David Heath moved to Merida in 2013 where he discovered a passion for writing. Before that, he and his partner, gourmet chef and architect John Johnson, built, owned and operated a country inn & restaurant – the Rancho de San Juan, northwest of Santa Fe. The stories he collected during those twenty years became the basis for his first book “Tales from a Country Inn: The Rancho de San Juan Story” which was published in 2017 under his pen name D.G. Heath.
He quickly moved on to mysteries, escapist fun full of intrigue and set in locations from New York City to Death Valley, England to Honduras. He published these in three anthology “Mystery Collection” books between 2017 and 2019. The year 2019 also saw the publication of his real-life exploits “Bedtime Stories and Other Tales” where he recounts his experiences in Hollywood real estate. If you are waiting to read about a man who cooked and served dinner to Julia Child, or breakfasted with JFK the morning of his assassination, then look no further. This is the book for you!
D.G. Heath returned to mystery in 2020 with the publication of “Yes ... We Have No Camels”, full of suspense, humor and romance as Sir Reginald Whitcomb of London’s Home Office and his charming wife, Lady Lynnette, investigate the disappearance of two workers from an Egyptian excavation site.
David was also an instrumental participant in the Mérida Writers Group, and a fellow MWG member says, “David's writing career was short, but he wrote well and published many interesting stories. He always had something new to present to the Merida Writers' Group." He died in March 2022 but his words live on through his books and his blog.
The Mérida Writers Group, and the local literary community, also benefitted from the talents of Grant Spradling who co-edited the group’s short story collection “29: Short Stories and Memoirs by Emerging Writers” in 2013. Grant co-created a two-volume lectionary supplement “Imaging the Word” in the mid-90s but he, like David Heath, began his writing career in earnest after visiting Yucatán. His first book, “From High in the Mulberry Tree”, was published in 2005. This collection of memoirs and short stories begins in the plains of western Oklahoma and ends seeing the world through the eyes of a Yucatecan dog, a direct descendant of Queen Isabella’s lap dog who nevertheless claims on more than one occasion not to be a snob about his heritage.
He followed this with his first novel, “Maya Sacrifice”, in 2012. This mystery novel follows amateur detectives Quincy Bruster, a wealthy poet-librettist, and his friend David Ward to Mérida where they encounter drug dealers, US Agents, vendors of contraband pre-Columbian artifact, and the horrors of local government bureaucracy. Likewise, Grant’s 2013 novel “Palenque Murder: Death at the Maya Ruins” mixes contemporary circumstances with ageless rituals. Quincy and David reunite to investigate the murder of a well-known Key West author at that ancient site.

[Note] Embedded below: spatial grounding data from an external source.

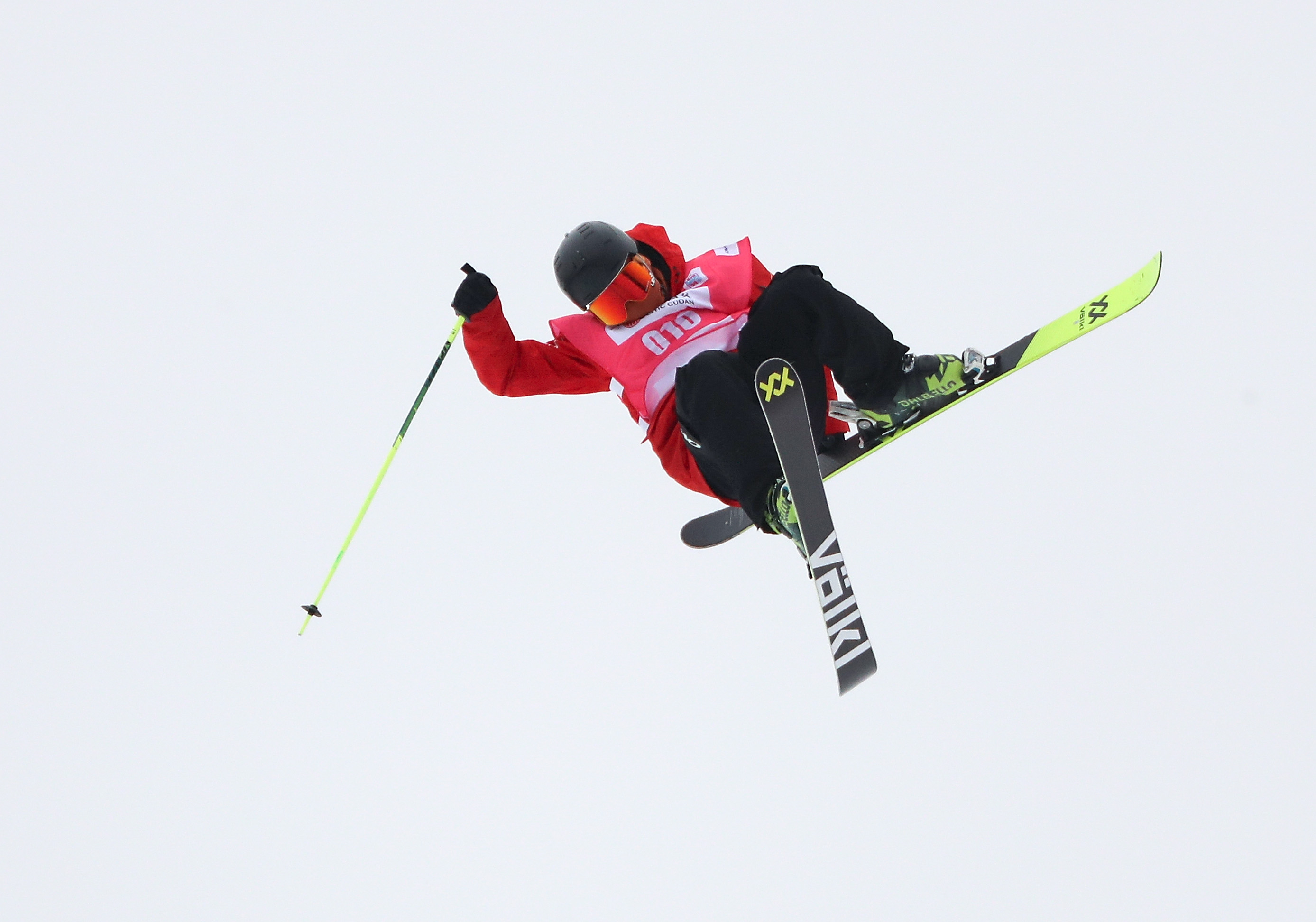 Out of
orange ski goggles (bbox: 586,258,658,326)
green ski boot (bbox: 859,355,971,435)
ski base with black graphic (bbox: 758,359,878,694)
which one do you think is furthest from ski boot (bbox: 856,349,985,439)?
orange ski goggles (bbox: 586,258,658,326)

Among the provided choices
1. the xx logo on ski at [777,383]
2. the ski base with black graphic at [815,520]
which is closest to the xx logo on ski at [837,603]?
the ski base with black graphic at [815,520]

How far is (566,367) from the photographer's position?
12.1 feet

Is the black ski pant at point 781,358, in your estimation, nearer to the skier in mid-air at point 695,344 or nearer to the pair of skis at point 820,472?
the skier in mid-air at point 695,344

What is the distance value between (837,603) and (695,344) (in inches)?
40.9

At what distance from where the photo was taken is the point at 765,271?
3709mm

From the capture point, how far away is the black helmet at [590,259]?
3.42 metres

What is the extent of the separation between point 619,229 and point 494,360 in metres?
0.61

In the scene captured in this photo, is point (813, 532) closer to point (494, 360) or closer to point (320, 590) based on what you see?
point (494, 360)

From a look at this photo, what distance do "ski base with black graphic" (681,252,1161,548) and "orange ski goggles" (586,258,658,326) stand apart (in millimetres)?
824

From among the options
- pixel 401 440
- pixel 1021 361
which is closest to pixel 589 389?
pixel 401 440

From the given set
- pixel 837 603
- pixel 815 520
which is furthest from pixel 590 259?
pixel 837 603

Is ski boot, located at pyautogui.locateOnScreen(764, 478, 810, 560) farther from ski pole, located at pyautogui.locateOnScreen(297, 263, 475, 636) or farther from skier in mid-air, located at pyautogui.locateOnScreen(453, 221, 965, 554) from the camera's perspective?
ski pole, located at pyautogui.locateOnScreen(297, 263, 475, 636)

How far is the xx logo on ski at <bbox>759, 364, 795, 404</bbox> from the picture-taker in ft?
10.0

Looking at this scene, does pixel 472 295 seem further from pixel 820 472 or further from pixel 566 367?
pixel 820 472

David Ward takes center stage in 2015’s “David Goes Home: Growing Up Gay in the Dust Bowl”. Here, Grant calls on his experience as a retired Congregational minister to write the captivating story of Ward, a closeted Congregational Church minister who has returned home to Oklahoma for his mother’s funeral. David is haunted by childhood nightmares which he discovers are fueled by his hometown sheriff who was murdered when David was a boy. The mystery is afoot, as David seeks to crack this unsolved crime and discover the source of his near-pathological fear of being discovered to be gay.
Grant returns to his real life with a 2018 memoir, “Chelem Papers”, which recalls his childhood in the Oklahoma dust bowl and recounts his worldwide travels and adventures. In a review, Chris Strickland writes, “Not simply an old man’s reverie, the stories in Chelem Papers are an exploration of the issues we all face: the need for intimacy, the search for purpose, the call to love, the frailty of the body, the dazzling possibilities of the divine in us.”
Grant died at age 89 on January 1, 2019, on what would have been the 50th anniversary of his partnership with artist Clifford Ames, who preceded him and to whom “Chelem Papers” was a tribute.
D.G. Heath and Grant Spradling left behind a treasure trove of literature. Many of their books are part of MEL’s lending collection and available for purchase at Between the Lines bookstore.